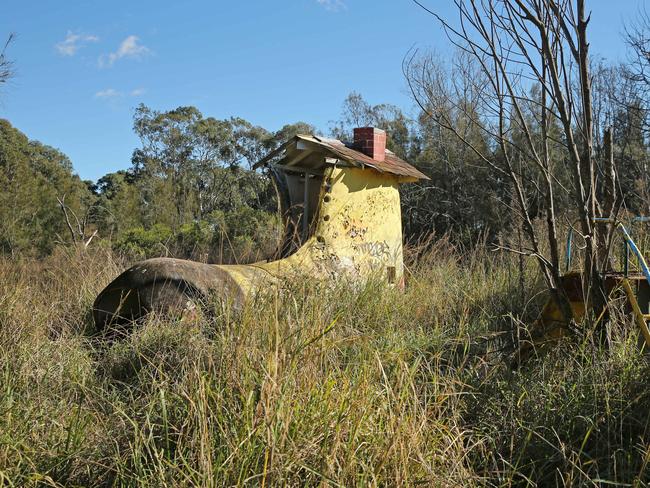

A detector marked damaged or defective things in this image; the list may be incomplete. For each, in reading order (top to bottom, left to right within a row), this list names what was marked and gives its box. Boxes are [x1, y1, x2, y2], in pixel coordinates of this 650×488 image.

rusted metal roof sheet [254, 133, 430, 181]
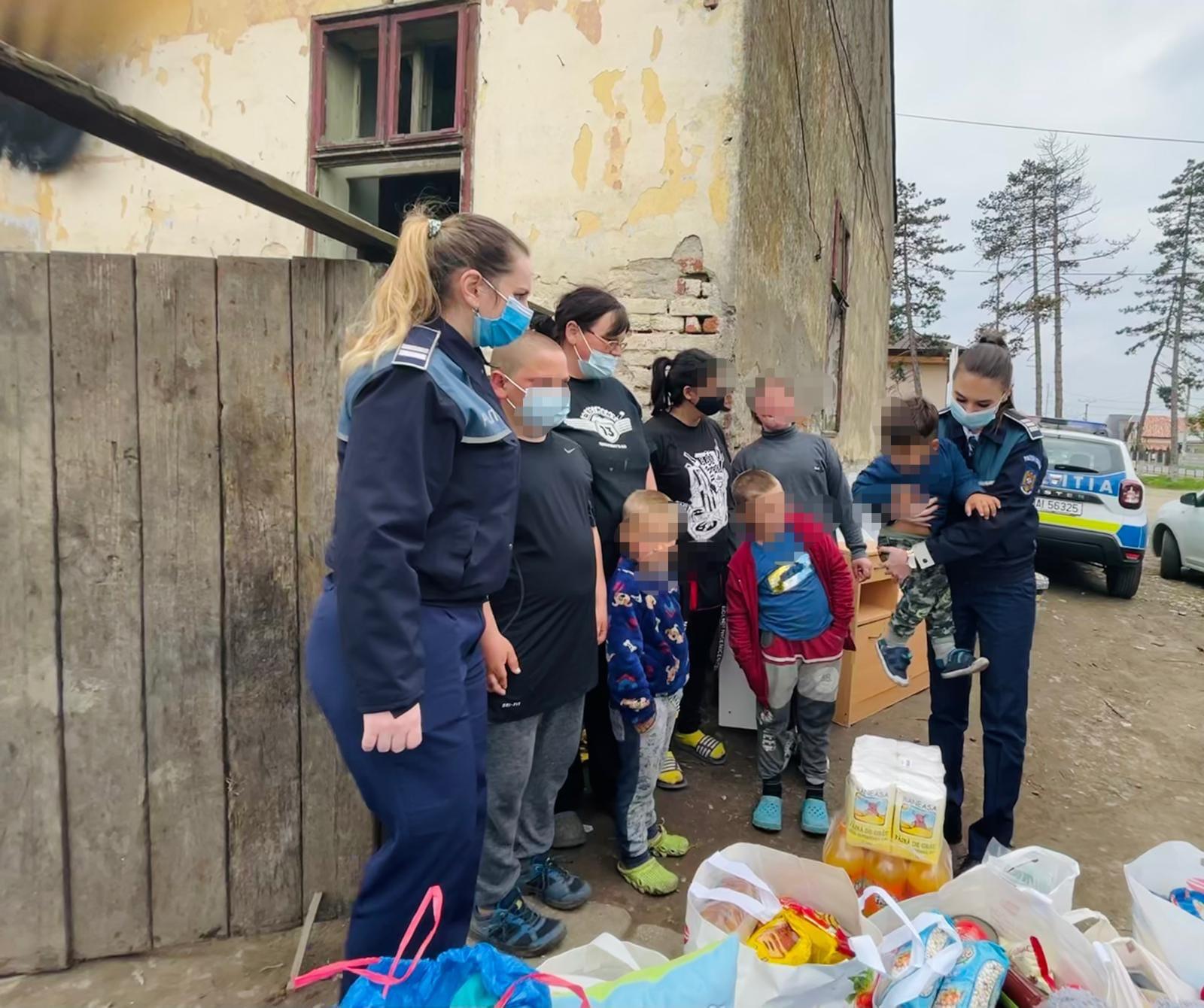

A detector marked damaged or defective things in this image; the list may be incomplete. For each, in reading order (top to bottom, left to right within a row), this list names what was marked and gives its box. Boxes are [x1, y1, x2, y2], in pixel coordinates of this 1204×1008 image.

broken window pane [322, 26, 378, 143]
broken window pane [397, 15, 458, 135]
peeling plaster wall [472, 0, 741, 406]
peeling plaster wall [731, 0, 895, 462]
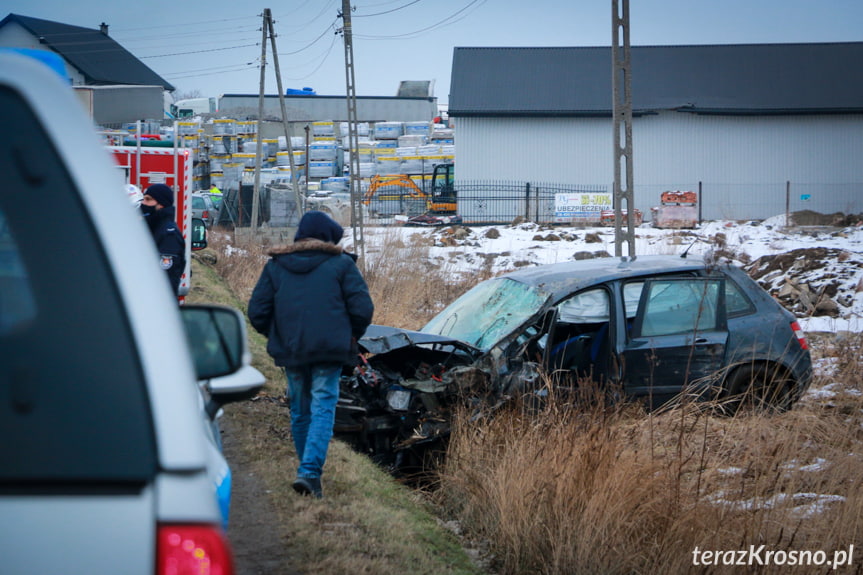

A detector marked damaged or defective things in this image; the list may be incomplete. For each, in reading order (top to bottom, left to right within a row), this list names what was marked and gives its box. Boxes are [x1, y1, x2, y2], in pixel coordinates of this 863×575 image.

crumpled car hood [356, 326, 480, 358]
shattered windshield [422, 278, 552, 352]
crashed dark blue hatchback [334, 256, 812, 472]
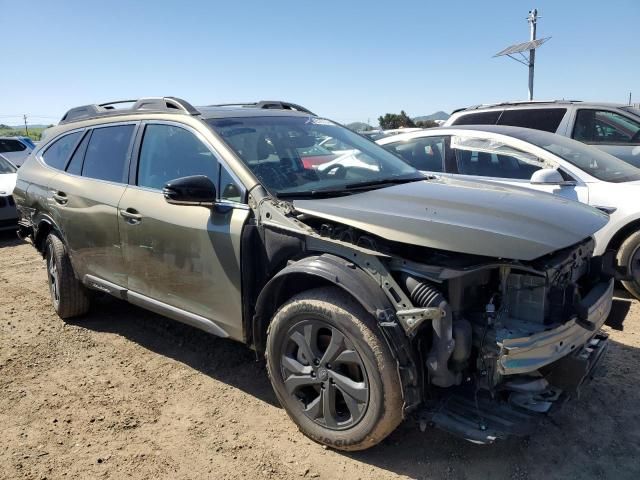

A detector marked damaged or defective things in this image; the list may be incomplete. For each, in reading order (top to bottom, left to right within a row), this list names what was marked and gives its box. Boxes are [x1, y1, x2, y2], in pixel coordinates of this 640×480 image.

→ **Exercise prompt**: Omit the pictures and retype exactly the lines from the one containing "this 1204×1008 image." through the end of the entries above.

→ **Final answer**:
A detector marked damaged or defective things in this image; the list may be incomplete. For each, in reading order (top to bottom, left to right within a row), this list names what was marked and gives its box. Boxes are [x1, y1, x2, y2], in pixel coordinates of this 1204×1008 image.

broken window pane [322, 26, 378, 143]
broken window pane [397, 15, 458, 135]
peeling plaster wall [472, 0, 741, 406]
peeling plaster wall [731, 0, 895, 462]

A detector marked damaged or defective things in this image; the list may be incomplete. For each, in reading order (top to bottom, left to right within a row), this list names what was marked and gives its box. Boxes are [x1, y1, x2, y2], in pixel coordinates of this 863×575 image.

crumpled car hood [356, 326, 480, 358]
shattered windshield [422, 278, 552, 352]
crashed dark blue hatchback [334, 256, 812, 472]

A detector marked damaged or defective things in this image; the list may be incomplete. For each, in reading order (top to bottom, left to right within a row), this list names what was marked and gives its box. Boxes are [x1, y1, x2, y2], in pixel coordinates of this 640×480 image.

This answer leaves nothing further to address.